#### Required action:
Your answer should consist solely of the lines from the one holding "FERRAGAMO Platform sneaker" through the final line of the entries, reproduced exactly and without pictures.

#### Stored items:
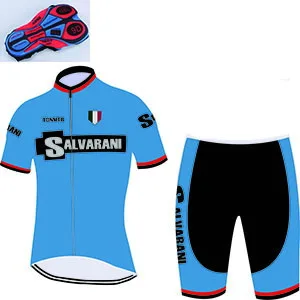 jersey and short TONMTB хороший дизайн Джерси Майо для велоспорта езда на велосипеде короткие cullot спортивная одежда ciclismo велосипедная одежда 9D гелевая накладка задний карман - Цвет: jersey and short
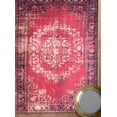 thumbnail image 4 of Tapis d'Intérieur Lavable Sparx pour Salon, Entrée, Chambre, Chambre d'Enfant, 2 Pi 3 Po x 3 Pi 9 Po, 4 of 6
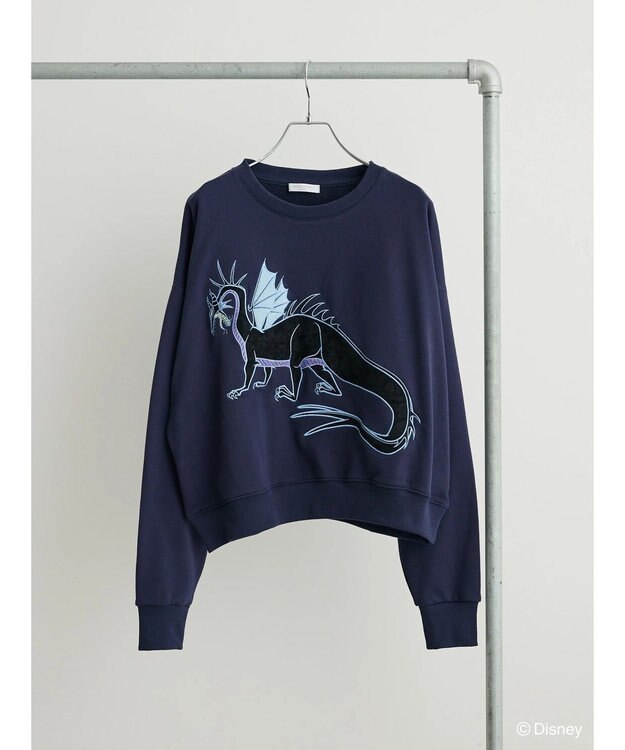 Green Parks Villains／パッチワーク裏毛プルオーバー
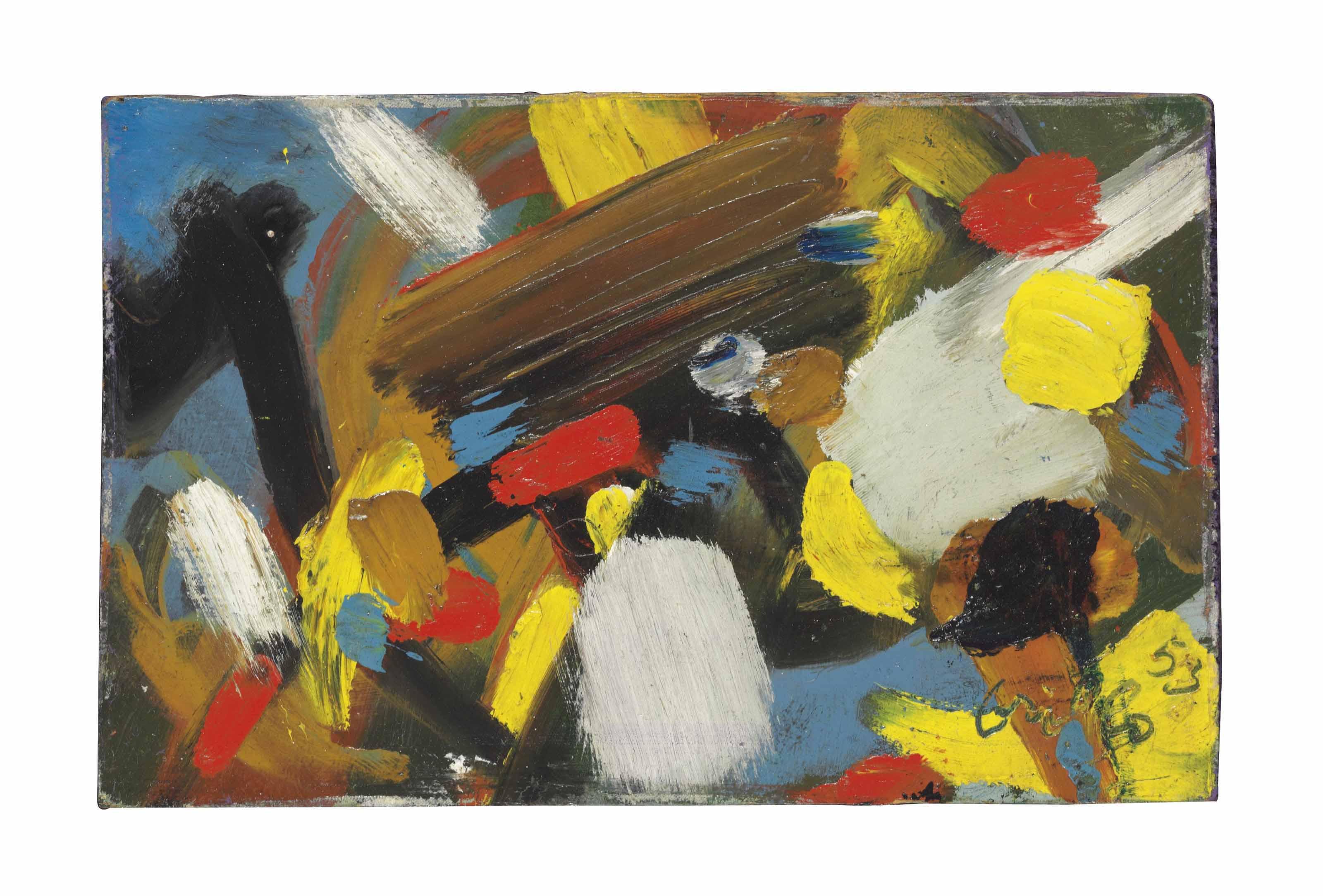 John Grillo - Untitled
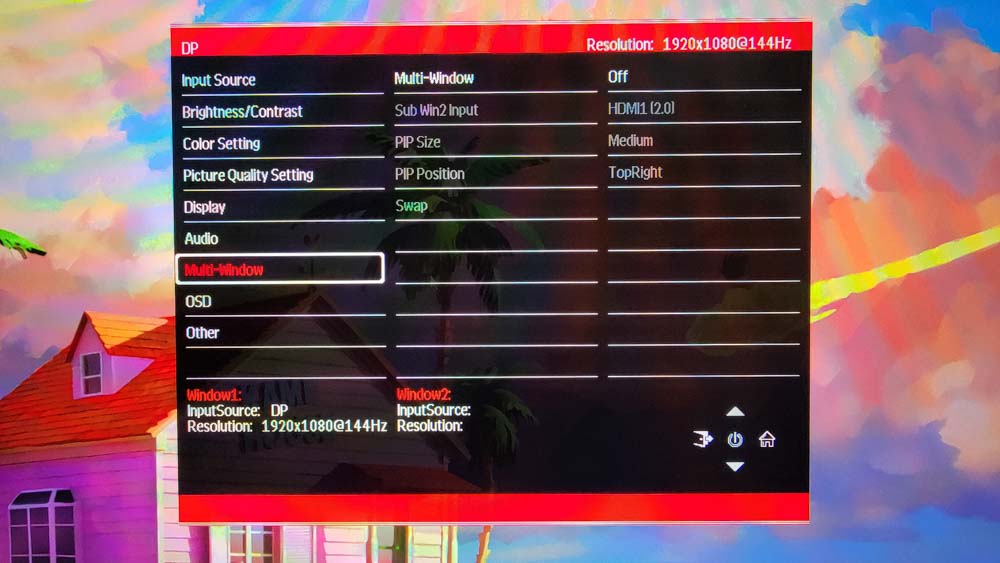 Viotek Reaper Gaming Monitor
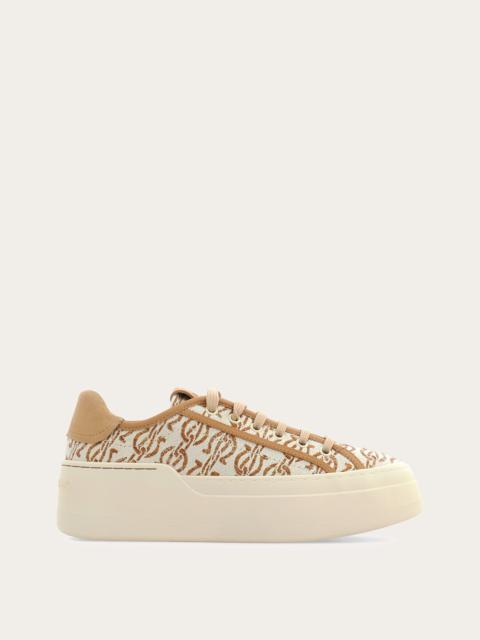 FERRAGAMO Platform sneaker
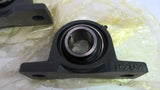 P-207 2-Bolt Pillow Block Bearing Lot Of 2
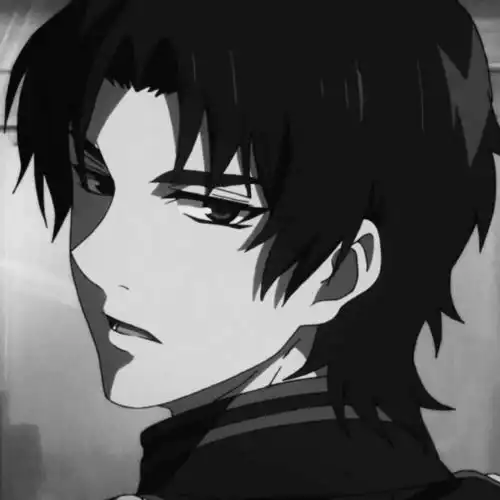 百星野王会心动的超帅黑白漫头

#### Answer section:
 FERRAGAMO Platform sneaker
 P-207 2-Bolt Pillow Block Bearing Lot Of 2
 百星野王会心动的超帅黑白漫头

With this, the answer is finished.